EXERCISE REQUIREMENTS> In the records below, reproduce exactly the lines from the one containing "Coach Rowan Purple" through the one containing "Tal Lighting PARIS", both included, and omit the pictures.

----- LISTED ENTRIES -----

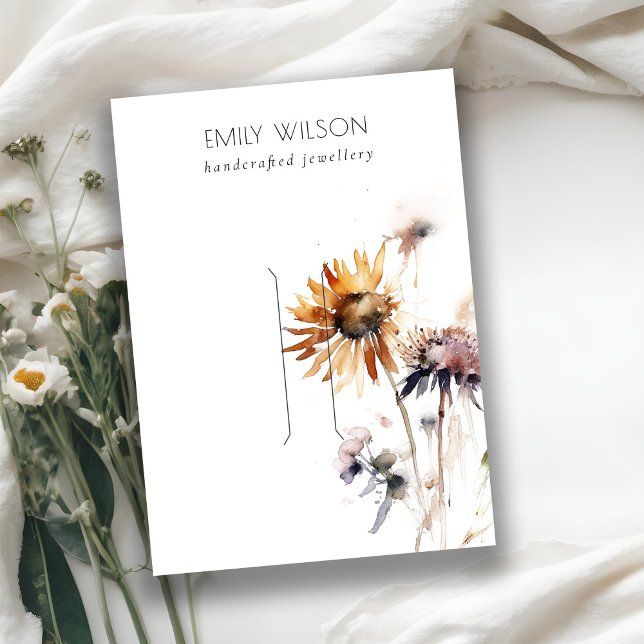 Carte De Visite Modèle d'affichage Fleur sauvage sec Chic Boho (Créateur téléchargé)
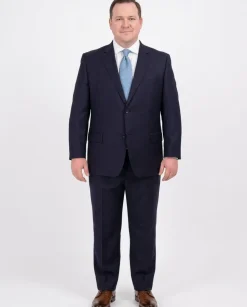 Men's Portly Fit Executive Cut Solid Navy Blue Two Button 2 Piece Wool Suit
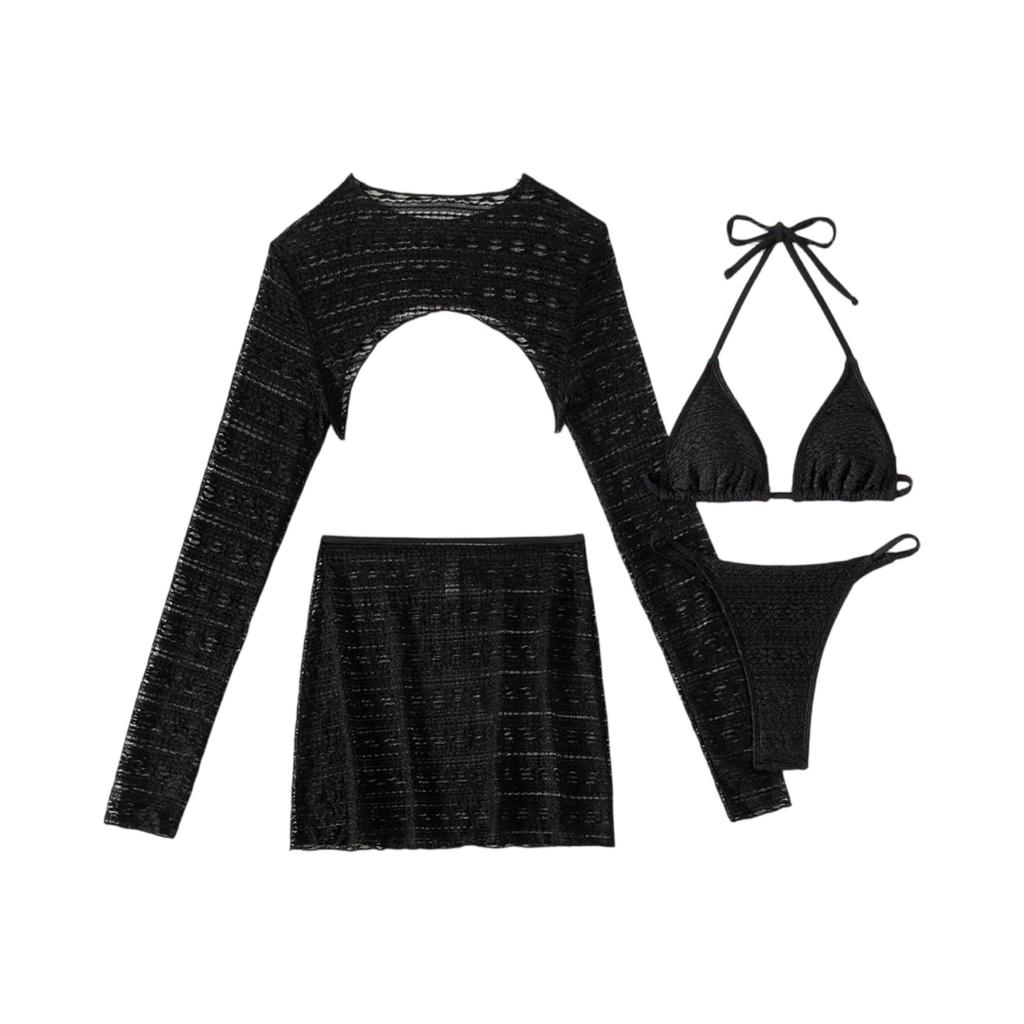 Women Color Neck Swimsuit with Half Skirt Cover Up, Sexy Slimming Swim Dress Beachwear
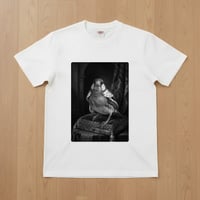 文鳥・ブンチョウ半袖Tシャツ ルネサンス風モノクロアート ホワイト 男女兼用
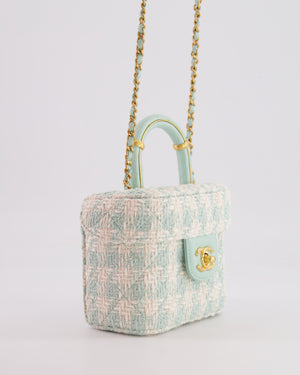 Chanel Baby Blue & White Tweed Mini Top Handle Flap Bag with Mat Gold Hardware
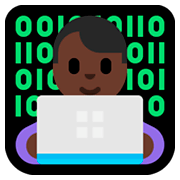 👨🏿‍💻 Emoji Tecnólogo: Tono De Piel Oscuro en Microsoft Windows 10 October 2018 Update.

-----
----- LISTED ENTRIES -----

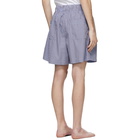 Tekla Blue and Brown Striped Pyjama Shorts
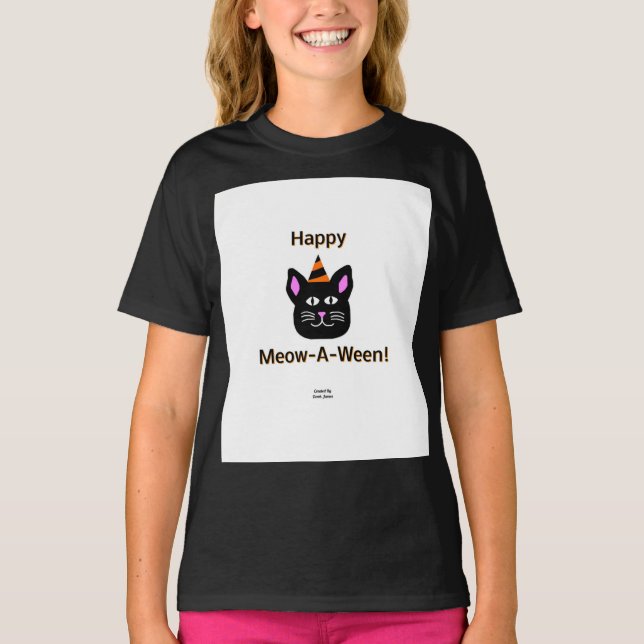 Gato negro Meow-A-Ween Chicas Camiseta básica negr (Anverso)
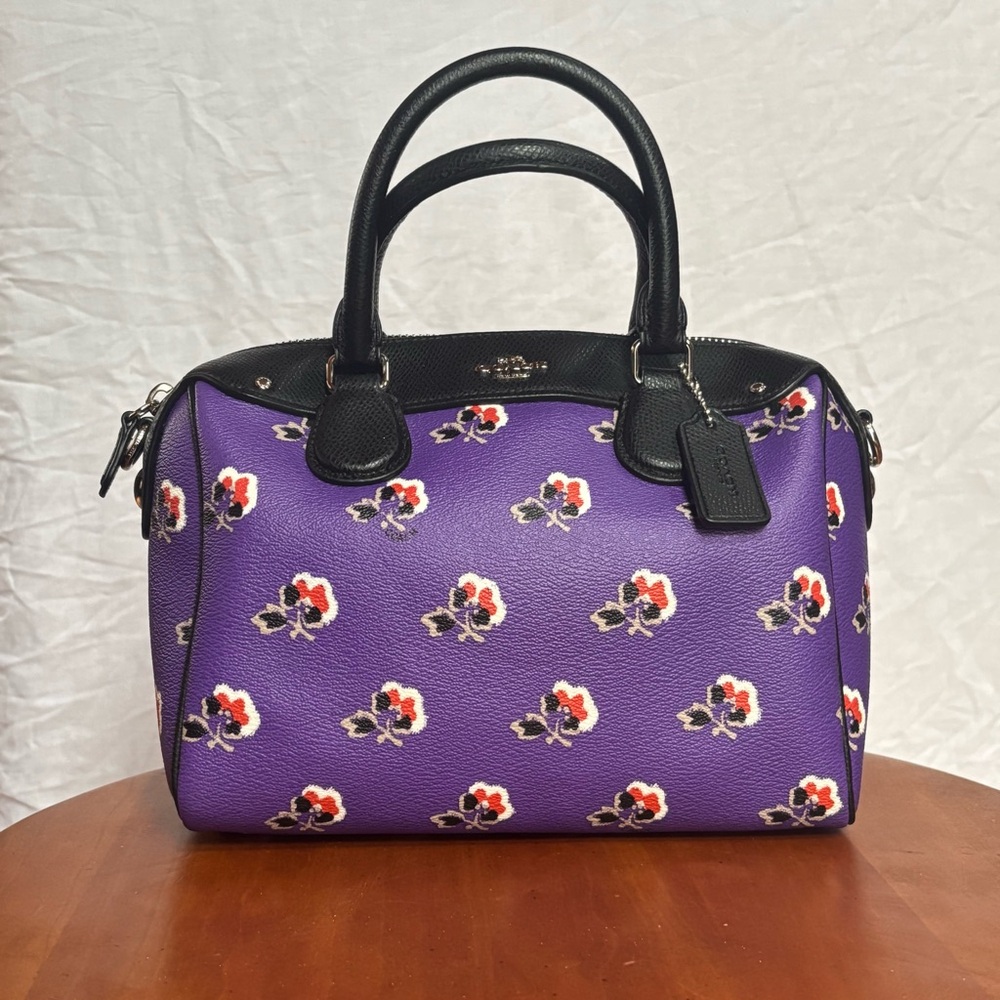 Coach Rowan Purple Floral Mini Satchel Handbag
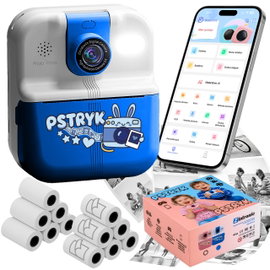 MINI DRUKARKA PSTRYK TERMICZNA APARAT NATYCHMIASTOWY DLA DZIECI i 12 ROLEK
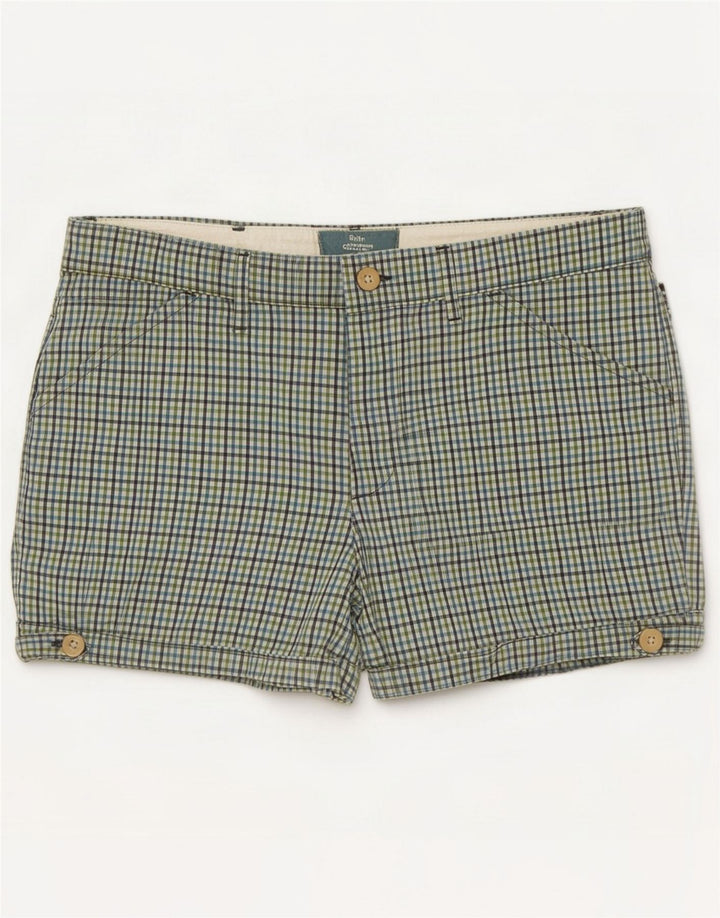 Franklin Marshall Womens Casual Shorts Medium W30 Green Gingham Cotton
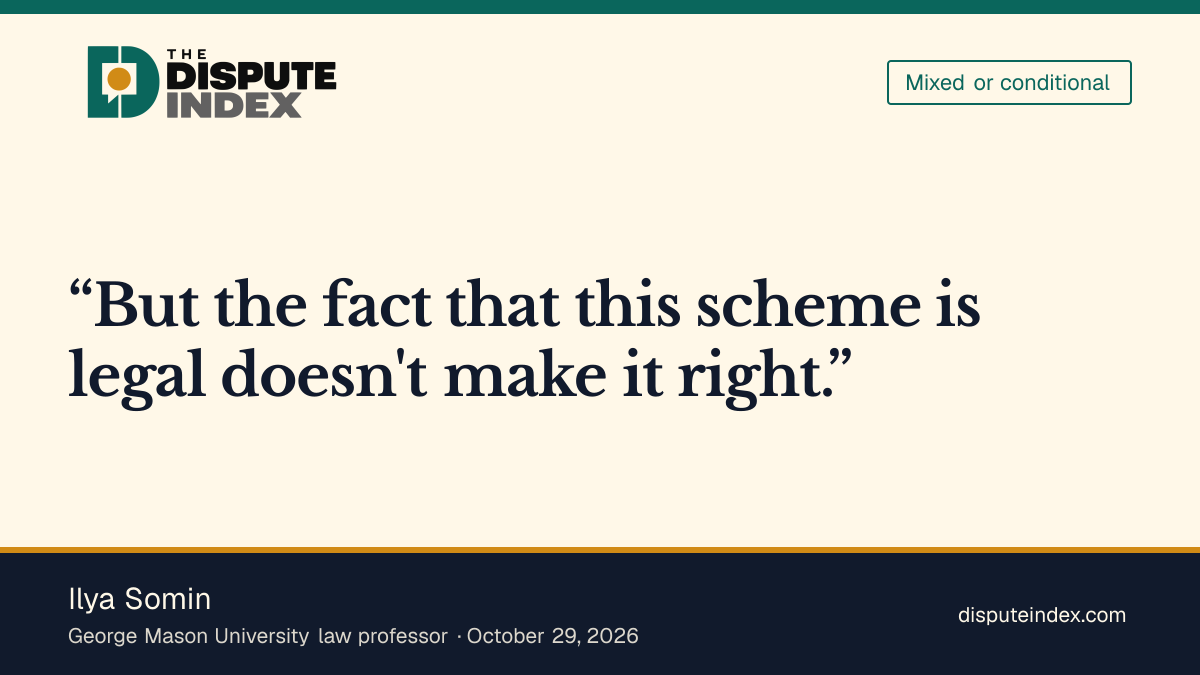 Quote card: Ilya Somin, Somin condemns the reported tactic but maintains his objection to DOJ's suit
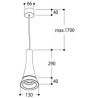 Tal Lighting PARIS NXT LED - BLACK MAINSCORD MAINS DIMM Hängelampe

-----

EXERCISE OUTPUT>
 Coach Rowan Purple Floral Mini Satchel Handbag
 MINI DRUKARKA PSTRYK TERMICZNA APARAT NATYCHMIASTOWY DLA DZIECI i 12 ROLEK
 Franklin Marshall Womens Casual Shorts Medium W30 Green Gingham Cotton
 Quote card: Ilya Somin, Somin condemns the reported tactic but maintains his objection to DOJ's suit
 Tal Lighting PARIS NXT LED - BLACK MAINSCORD MAINS DIMM Hängelampe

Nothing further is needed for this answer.